> _WORK TO COMPLETE_
How do the lines read from the one holding "Desi girl flaunts" through the last line of the listing? Set them down exactly, pictures omitted.

> _SUPPLIED MATERIAL_
* * *
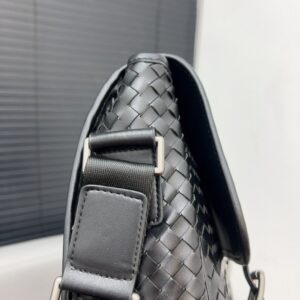 【AT2914】Bottega Venetaのハンドウィーブのフリップトップショルダーバッグ💼 メンズスリングバッグ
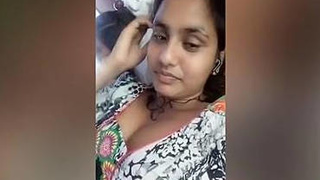 Desi girl flaunts her curves while chatting online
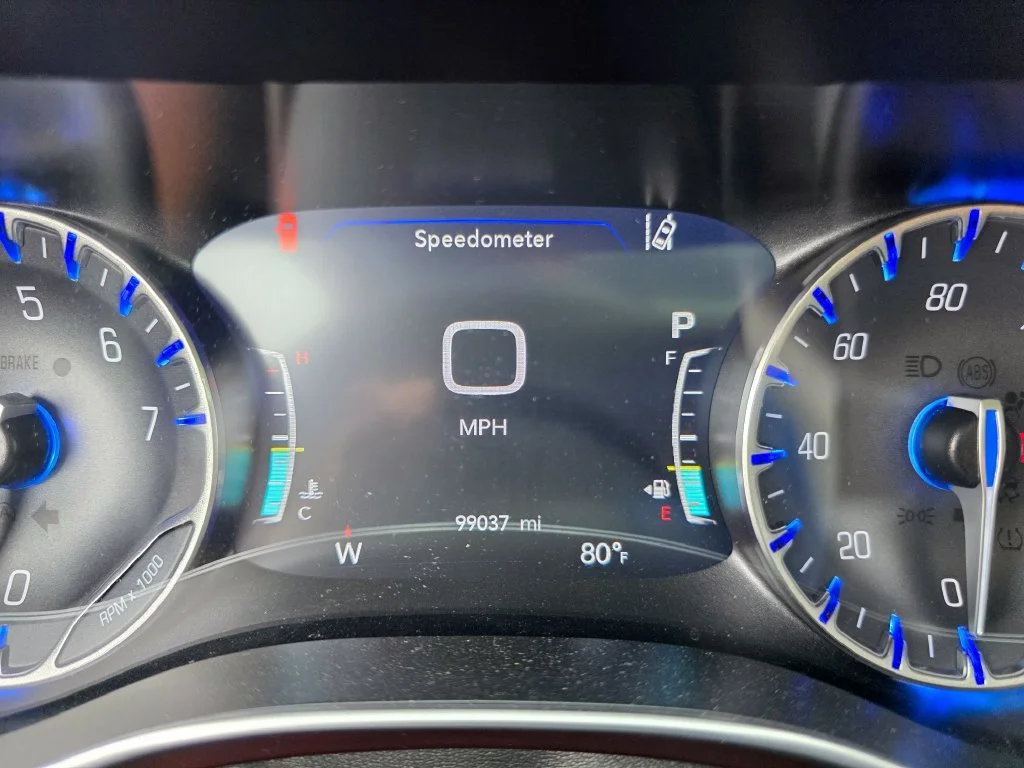 Used 2017 Blue Chrysler Limited image 21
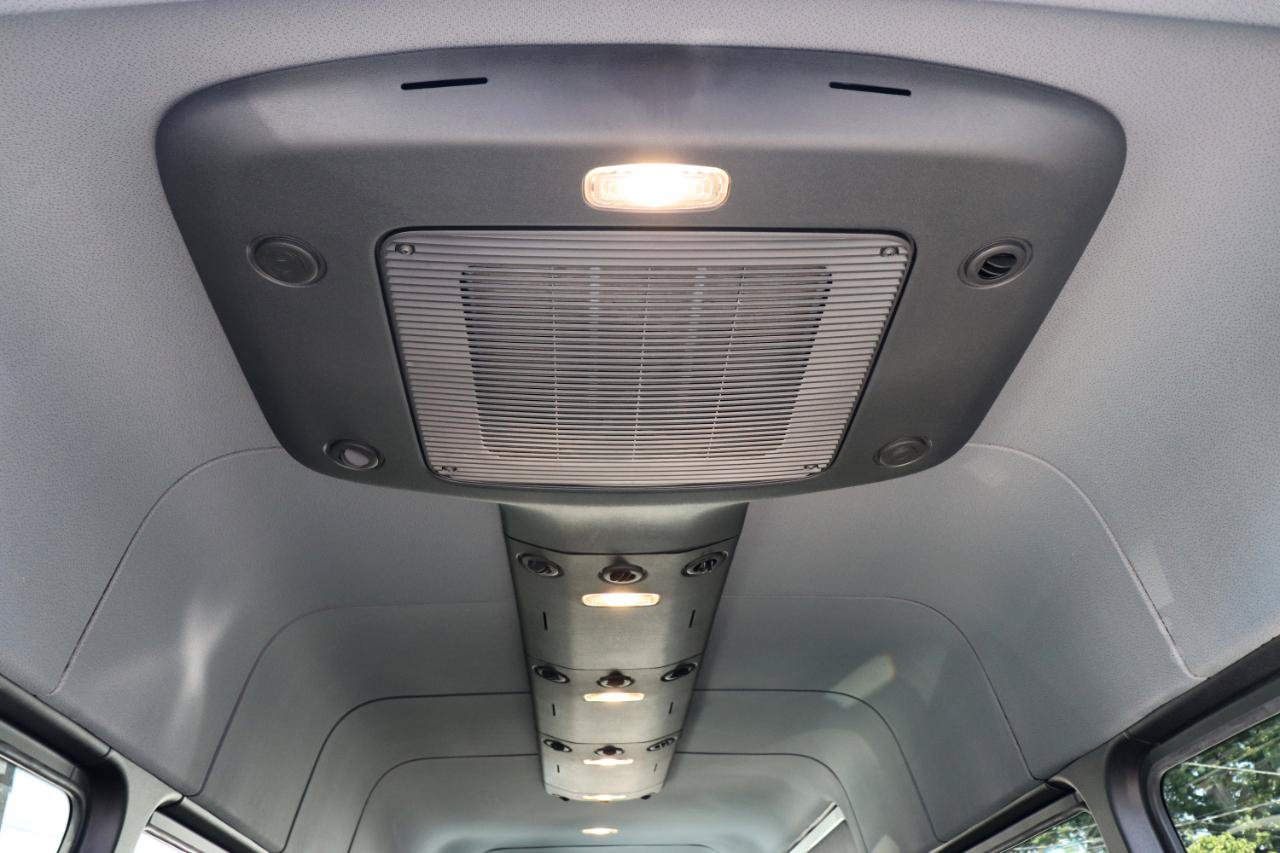 Used 2025 Mercedes-Benz Sprinter 2500 image 51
* * *
> _EXPECTED OUTPUT_
 Desi girl flaunts her curves while chatting online
 Used 2017 Blue Chrysler Limited image 21
 Used 2025 Mercedes-Benz Sprinter 2500 image 51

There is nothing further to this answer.